Quais áreas o sr. considera prioritárias?

O próximo plano de ação vai levar em conta a discussão feita na 4ª Conferência Nacional de Ciência e Tecnologia do ano passado. O tema central foi ciência sustentável. Transformar toda uma indústria que hoje depende da petroquímica em uma indústria sustentável. Economia de baixo carbono e energias alternativas são áreas tão prioritárias para o País quanto eram no passado a biotecnologia, a nanotecnologia e a agricultura. Devemos continuar apoiando as tecnologias de comunicação, espacial e nuclear, sem menosprezar as ciências sociais e humanas, que ajudam a interpretar isso tudo.

Dizem que hoje quem faz pesquisa no Brasil são os mestrandos e doutorandos. Nos países desenvolvidos, quem faz pesquisa é o pós-doutorando.

Aqui também isso está aumentando. No CNPq temos cerca de 2 mil bolsas de pós-doutorado, 10 mil de doutorado, 12 mil de mestrado e 35 mil de iniciação científica. Agora é o momento para investir no pós-doutorado. Mestres e doutores precisam fazer a tese em dois anos. Se depender só deles, as pesquisas serão pouco ousadas.

São Paulo recebe um quarto dos recursos do CNPq, mas é responsável por metade da produção científica nacional. Não seria justo aumentar essa verba?

No edital universal, com 15 mil projetos, 23% da demanda era de São Paulo. Entre os projetos atendidos, 24% eram paulistas. Não vejo discriminação. A razão do sucesso econômico do Estado foi o forte investimento em ciência. E tem de continuar investindo mais que o resto do Brasil para manter a liderança. Mas de que adianta ter só São Paulo desenvolvido e não ter para quem vender carro, televisão, geladeira ou para onde exportar seus doutores? A gente só se fortalece se o Brasil crescer como um todo.

É possível diminuir a burocracia dos mecanismos de avaliação de projetos e gastos?

Todos os processos do CNPq são informatizados: a submissão de projetos, a avaliação, a prestação de contas. O que entrava a boa execução da pesquisa é a dificuldade de mudança de alínea (destinação do gasto), mas isso não é culpa do CNPq. Quando recebemos os recursos do Ministério do Planejamento, já vem determinado o que é para custeio (insumos e manutenção) e o que é para capital (equipamentos). Às vezes os pesquisadores resolvem mudar a destinação do gasto e depois fazem a prestação de contas, mas o CNPq não pode aceitar.

Pesquisadores dizem que o sistema de importação do CNPq, o Importa Fácil, é difícil.

O Importa Fácil tem etapas e, se você estiver treinado, é fácil.

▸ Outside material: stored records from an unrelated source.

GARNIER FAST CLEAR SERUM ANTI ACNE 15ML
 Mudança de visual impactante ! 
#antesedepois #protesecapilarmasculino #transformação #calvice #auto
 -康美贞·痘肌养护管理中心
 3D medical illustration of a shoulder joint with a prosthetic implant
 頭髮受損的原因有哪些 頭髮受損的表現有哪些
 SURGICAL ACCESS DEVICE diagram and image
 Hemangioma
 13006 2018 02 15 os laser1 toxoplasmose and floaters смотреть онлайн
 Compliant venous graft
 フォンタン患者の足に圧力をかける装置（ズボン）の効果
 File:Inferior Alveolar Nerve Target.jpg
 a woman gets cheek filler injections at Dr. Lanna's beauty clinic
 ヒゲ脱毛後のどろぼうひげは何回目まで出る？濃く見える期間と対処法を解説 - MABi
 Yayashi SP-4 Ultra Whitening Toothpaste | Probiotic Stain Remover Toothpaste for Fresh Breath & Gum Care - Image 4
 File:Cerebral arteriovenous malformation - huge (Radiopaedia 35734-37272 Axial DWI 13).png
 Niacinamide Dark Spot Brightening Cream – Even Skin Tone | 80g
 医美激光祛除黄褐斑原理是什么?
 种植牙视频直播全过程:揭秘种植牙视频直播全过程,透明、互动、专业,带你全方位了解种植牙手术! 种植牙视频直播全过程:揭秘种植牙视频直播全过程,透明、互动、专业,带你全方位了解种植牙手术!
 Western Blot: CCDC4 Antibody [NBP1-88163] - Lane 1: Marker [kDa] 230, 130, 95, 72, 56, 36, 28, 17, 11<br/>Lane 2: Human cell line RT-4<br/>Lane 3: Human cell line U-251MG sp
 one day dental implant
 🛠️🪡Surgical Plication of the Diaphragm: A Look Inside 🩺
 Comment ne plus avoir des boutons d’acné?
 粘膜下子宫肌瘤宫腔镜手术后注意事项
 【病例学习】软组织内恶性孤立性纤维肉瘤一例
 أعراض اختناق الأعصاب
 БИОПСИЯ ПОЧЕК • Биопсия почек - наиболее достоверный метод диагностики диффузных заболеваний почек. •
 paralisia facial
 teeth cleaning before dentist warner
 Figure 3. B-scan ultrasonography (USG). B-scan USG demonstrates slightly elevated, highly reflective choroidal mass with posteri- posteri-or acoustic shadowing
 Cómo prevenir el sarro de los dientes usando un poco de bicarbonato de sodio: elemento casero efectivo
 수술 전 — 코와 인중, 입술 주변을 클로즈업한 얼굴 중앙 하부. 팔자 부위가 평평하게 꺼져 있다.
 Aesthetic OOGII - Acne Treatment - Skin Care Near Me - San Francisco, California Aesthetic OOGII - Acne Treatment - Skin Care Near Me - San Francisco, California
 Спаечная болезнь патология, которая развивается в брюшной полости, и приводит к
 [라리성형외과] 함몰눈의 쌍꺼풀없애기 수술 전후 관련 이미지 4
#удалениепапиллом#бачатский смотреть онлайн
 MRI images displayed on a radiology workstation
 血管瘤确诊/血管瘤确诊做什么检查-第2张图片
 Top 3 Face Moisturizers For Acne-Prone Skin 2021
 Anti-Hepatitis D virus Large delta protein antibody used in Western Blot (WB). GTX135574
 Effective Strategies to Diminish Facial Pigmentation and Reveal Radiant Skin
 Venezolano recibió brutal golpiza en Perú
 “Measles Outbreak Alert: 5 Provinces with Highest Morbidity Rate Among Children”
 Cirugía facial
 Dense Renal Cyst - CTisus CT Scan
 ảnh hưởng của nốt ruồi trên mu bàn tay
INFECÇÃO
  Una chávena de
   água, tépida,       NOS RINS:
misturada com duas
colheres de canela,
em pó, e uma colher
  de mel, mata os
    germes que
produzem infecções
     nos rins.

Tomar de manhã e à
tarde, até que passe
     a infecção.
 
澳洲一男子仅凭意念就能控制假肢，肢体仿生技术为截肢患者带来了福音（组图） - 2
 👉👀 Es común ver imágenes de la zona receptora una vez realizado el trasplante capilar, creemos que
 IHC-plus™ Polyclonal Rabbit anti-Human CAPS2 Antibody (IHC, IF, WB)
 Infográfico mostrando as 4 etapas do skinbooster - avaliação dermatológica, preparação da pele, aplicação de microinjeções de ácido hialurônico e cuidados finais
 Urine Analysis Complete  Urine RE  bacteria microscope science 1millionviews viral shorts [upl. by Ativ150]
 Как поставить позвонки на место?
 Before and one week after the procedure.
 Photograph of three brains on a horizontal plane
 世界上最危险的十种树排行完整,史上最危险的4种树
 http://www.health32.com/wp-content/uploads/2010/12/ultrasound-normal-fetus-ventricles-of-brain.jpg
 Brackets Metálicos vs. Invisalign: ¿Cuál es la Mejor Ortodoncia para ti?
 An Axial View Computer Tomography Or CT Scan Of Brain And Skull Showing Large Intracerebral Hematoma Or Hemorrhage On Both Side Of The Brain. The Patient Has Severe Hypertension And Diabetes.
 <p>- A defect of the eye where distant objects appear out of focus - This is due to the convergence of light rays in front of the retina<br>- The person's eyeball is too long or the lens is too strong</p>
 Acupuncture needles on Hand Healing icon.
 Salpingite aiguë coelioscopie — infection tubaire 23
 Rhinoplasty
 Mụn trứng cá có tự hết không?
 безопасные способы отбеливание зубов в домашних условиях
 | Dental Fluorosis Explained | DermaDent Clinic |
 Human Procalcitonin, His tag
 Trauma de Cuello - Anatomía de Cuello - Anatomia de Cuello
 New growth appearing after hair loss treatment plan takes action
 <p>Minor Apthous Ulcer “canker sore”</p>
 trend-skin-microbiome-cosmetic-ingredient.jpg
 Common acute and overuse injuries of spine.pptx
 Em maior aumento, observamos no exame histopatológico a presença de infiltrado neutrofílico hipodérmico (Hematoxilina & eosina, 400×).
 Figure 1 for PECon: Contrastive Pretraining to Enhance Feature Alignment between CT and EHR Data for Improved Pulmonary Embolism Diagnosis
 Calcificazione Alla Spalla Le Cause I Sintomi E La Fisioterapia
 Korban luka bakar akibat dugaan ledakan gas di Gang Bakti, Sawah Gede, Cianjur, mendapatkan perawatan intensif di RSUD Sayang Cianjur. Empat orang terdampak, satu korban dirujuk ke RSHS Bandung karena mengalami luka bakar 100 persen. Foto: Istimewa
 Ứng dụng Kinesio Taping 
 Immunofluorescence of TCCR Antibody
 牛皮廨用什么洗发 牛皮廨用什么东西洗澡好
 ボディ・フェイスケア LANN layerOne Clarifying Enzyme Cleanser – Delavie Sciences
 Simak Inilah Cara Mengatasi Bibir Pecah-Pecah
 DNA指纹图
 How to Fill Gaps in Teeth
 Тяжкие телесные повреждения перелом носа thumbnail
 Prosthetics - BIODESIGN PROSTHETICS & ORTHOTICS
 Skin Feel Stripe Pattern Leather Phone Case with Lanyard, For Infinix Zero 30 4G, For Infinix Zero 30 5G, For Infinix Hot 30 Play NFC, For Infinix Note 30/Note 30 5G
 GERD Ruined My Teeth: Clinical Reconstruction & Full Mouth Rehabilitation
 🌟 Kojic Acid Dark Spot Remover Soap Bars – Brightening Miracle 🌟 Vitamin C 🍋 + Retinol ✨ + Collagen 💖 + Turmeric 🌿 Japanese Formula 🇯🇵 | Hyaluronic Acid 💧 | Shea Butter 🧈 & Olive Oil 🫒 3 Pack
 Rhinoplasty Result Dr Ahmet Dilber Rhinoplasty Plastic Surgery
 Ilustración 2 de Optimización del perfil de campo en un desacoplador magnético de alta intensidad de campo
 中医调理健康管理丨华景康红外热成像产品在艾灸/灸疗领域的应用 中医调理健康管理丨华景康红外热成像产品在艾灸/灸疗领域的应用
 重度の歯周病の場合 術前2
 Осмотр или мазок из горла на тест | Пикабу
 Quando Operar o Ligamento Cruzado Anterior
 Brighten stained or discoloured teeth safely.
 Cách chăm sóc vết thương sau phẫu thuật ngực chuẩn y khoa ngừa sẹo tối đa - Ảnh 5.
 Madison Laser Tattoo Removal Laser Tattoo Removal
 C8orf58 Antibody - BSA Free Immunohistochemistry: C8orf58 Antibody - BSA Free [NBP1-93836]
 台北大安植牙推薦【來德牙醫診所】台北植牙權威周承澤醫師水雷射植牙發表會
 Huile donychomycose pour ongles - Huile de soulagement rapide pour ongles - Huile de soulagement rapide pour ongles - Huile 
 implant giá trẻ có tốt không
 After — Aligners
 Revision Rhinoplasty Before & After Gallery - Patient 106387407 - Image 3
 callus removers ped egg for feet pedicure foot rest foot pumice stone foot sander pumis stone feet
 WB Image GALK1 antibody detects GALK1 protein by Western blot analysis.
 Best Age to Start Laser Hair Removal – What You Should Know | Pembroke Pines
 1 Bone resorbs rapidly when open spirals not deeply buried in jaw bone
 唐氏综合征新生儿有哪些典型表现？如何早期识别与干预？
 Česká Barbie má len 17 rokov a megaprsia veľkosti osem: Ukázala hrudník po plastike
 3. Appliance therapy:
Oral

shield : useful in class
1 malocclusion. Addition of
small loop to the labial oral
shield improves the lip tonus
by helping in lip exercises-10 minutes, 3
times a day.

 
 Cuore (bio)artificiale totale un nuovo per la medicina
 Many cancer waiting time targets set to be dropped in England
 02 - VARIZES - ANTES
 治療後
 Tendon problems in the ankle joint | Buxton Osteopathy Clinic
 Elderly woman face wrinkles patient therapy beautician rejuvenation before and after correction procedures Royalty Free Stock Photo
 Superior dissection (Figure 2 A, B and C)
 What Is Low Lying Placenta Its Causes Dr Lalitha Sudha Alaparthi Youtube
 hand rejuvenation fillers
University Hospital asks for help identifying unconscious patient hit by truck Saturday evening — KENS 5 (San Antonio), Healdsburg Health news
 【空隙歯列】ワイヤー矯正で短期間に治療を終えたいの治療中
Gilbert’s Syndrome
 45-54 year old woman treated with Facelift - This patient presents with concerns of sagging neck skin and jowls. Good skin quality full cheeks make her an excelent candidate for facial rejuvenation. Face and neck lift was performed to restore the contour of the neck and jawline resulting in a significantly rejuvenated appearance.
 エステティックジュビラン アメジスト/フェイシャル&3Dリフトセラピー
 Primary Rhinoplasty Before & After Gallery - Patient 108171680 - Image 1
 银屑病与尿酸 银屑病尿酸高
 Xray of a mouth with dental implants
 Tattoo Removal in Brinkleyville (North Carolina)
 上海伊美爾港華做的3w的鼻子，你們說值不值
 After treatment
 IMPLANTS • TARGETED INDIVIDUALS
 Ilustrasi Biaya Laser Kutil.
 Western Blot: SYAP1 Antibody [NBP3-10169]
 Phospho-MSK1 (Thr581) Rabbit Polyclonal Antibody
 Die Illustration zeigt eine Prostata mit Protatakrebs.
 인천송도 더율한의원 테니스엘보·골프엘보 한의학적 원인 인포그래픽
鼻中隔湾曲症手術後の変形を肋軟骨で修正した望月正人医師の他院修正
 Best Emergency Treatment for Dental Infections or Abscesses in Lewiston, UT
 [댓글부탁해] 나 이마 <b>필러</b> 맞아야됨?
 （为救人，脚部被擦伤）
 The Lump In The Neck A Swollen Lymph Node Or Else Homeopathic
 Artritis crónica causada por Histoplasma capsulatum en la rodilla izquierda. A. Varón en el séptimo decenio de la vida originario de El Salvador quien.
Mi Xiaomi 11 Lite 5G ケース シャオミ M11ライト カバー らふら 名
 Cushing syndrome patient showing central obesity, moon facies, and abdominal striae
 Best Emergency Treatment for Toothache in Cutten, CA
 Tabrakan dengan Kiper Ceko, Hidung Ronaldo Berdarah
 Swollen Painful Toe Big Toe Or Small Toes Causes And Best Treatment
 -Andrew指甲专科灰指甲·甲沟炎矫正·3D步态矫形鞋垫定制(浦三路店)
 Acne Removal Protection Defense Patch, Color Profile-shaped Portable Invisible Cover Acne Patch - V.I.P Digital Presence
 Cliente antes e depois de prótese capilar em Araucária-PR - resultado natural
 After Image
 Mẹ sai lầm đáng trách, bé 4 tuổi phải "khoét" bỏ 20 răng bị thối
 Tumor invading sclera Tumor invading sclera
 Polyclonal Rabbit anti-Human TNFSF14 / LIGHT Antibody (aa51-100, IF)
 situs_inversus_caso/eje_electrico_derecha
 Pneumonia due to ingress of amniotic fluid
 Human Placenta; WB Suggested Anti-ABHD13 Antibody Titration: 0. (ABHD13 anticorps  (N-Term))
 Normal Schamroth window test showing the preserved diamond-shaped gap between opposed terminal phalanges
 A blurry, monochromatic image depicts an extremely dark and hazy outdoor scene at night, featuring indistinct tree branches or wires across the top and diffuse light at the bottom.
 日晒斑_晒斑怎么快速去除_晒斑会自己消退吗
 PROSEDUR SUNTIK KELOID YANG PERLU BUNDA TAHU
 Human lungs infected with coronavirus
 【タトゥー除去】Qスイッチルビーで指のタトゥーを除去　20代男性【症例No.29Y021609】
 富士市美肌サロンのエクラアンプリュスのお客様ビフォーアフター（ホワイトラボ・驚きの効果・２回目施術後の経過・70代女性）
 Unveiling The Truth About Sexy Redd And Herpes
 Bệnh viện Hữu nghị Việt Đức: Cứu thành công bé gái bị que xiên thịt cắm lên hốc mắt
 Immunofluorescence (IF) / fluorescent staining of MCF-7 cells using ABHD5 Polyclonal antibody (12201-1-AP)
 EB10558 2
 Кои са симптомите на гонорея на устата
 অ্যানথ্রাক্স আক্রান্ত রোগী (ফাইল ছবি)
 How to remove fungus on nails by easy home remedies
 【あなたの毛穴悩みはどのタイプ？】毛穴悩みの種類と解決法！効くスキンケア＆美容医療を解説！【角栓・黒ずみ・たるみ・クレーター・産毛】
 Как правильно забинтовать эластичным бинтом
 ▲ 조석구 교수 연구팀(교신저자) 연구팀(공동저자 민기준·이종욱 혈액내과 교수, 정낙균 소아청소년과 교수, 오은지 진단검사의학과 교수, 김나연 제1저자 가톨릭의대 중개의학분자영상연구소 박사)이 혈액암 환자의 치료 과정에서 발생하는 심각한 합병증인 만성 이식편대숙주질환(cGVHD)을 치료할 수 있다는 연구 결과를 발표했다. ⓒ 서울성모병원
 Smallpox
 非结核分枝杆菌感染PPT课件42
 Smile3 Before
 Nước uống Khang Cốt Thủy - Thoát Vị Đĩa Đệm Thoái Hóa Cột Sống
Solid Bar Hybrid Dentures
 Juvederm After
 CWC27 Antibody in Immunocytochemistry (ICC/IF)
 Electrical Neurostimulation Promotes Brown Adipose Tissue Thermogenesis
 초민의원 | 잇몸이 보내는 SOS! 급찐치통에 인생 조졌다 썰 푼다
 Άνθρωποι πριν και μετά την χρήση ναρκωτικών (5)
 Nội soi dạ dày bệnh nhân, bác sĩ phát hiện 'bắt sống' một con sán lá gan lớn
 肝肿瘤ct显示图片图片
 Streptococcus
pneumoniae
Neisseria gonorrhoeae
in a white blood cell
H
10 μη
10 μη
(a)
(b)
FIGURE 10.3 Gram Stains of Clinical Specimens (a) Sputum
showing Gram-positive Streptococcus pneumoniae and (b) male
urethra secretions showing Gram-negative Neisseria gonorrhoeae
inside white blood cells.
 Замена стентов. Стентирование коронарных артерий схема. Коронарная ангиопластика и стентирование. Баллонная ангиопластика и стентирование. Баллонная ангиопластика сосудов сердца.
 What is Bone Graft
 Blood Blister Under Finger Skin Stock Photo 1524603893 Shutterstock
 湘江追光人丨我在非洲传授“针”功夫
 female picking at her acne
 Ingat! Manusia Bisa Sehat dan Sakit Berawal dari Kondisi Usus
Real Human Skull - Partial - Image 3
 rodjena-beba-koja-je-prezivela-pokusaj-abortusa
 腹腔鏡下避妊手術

Estamos preparando um curso de educação à distância para ajudar os pesquisadores. Mas vale a pena lembrar que a importação no Brasil é mais difícil que nos EUA porque há isenção de impostos para os produtos para pesquisa. O pessoal reclama que a Anvisa é um entrave à importação, mas o FDA (órgão de vigilância sanitária nos EUA) é muito mais restritivo. Lá não há atraso porque o fornecedor tem estoque. Aqui, a isenção inviabiliza o surgimento desses fornecedores.

São necessários mais recursos para os periódicos nacionais?

O grande desafio é ter algumas boas revistas, com visibilidade internacional. Não precisamos de 7 mil revistas, como hoje. Uma maneira de financiá-las seria adotar políticas de acesso aberto. A agência de fomento e o pesquisador pagam pela publicação e o acesso a ela é aberto. Assim você seleciona as melhores. O mercado é que vai identificar quais as revistas que os cientistas preferem publicar. / COLABOROU KARINA TOLEDO


QUEM É

Professor titular do Instituto de Física de São Carlos (USP). No fim do ano, completará 30 anos da sua carreira como docente na universidade. Em 2009, foi o candidato mais votado para o cargo de reitor da USP, sendo preterido pelo então governador José Serra. É atualmente diretor de Engenharias, Ciências Exatas e Humanas e Sociais do CNPq. Deve assumir a presidência do órgão no dia 27.